======== AVAILABLE DATA ========
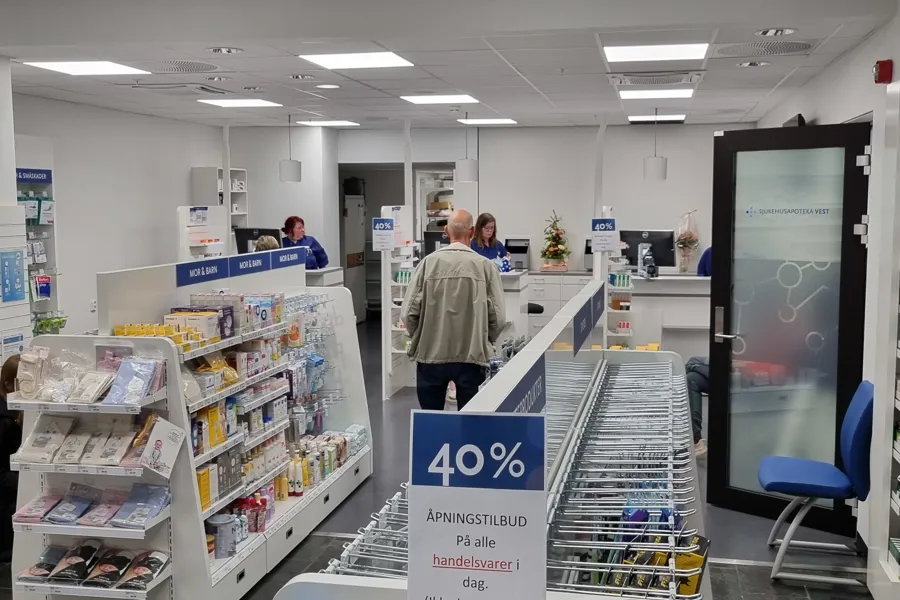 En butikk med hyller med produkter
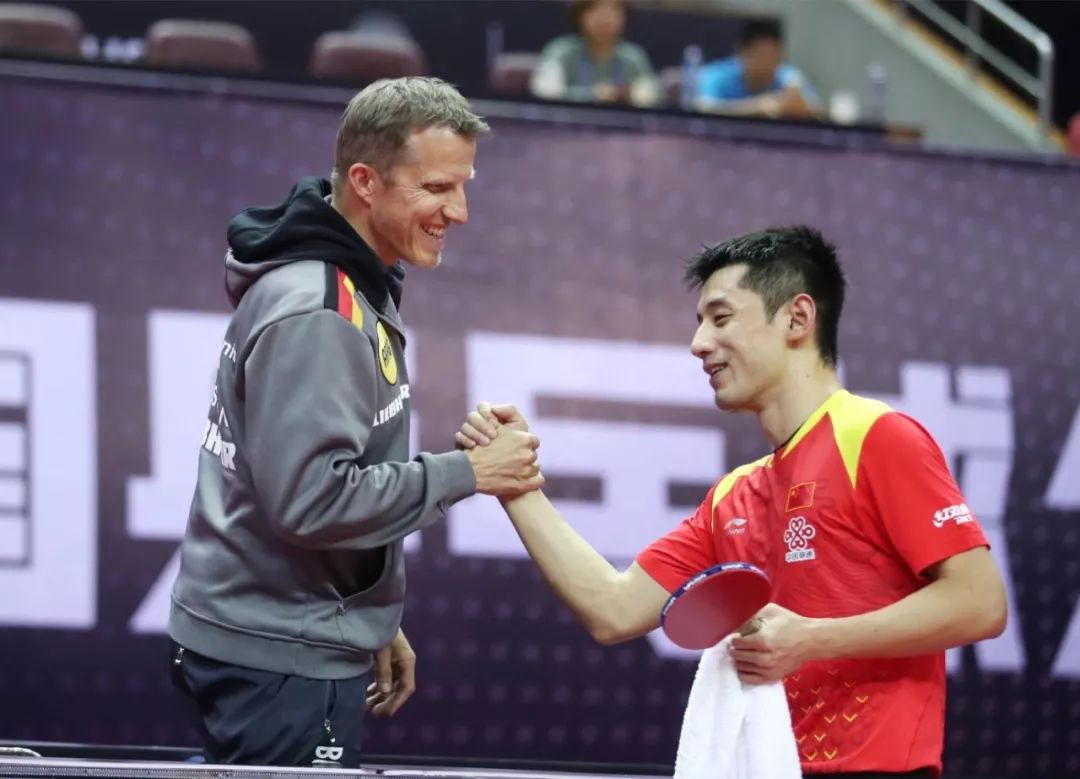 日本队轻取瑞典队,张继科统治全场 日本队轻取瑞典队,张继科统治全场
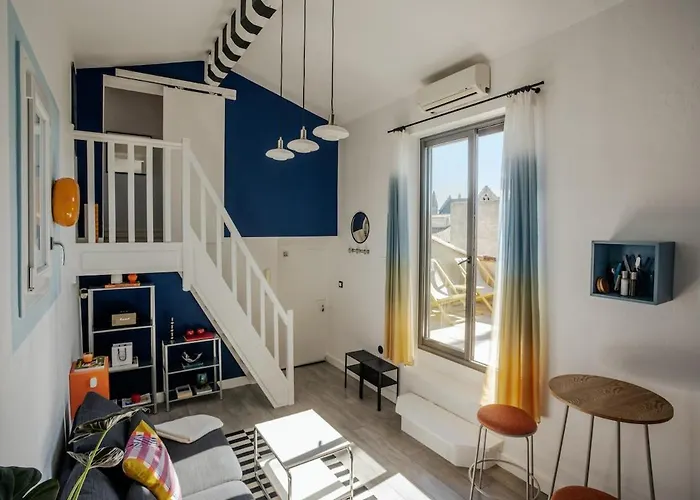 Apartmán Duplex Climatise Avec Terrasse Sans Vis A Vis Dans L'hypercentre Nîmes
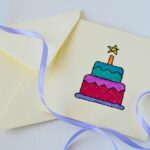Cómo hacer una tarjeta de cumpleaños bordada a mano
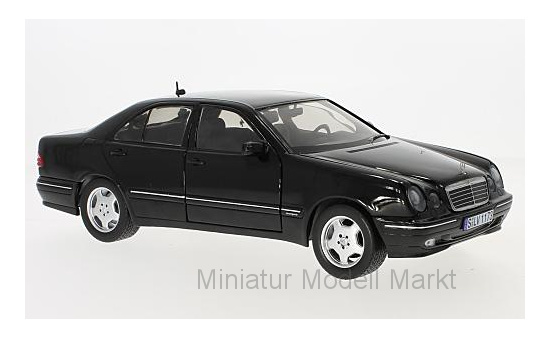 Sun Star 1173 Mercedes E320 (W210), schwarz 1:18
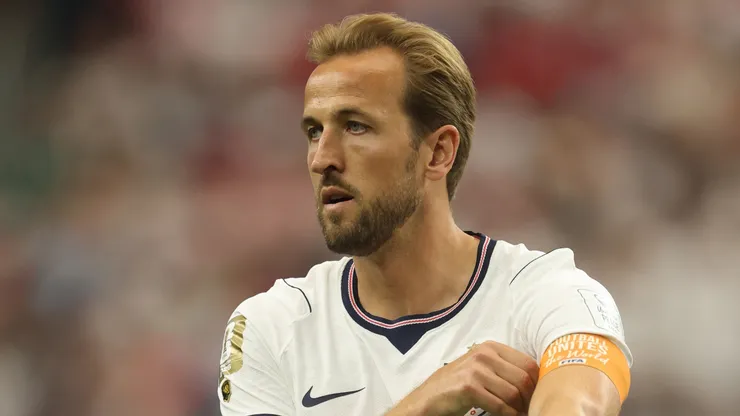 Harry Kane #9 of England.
========
WHAT NEEDS TO BE DONE » Without copying any images, transcribe the records exactly as they stand.

RESPONSE BELOW »
 En butikk med hyller med produkter
 日本队轻取瑞典队,张继科统治全场 日本队轻取瑞典队,张继科统治全场
 Apartmán Duplex Climatise Avec Terrasse Sans Vis A Vis Dans L'hypercentre Nîmes
Cómo hacer una tarjeta de cumpleaños bordada a mano
 Sun Star 1173 Mercedes E320 (W210), schwarz 1:18
 Harry Kane #9 of England.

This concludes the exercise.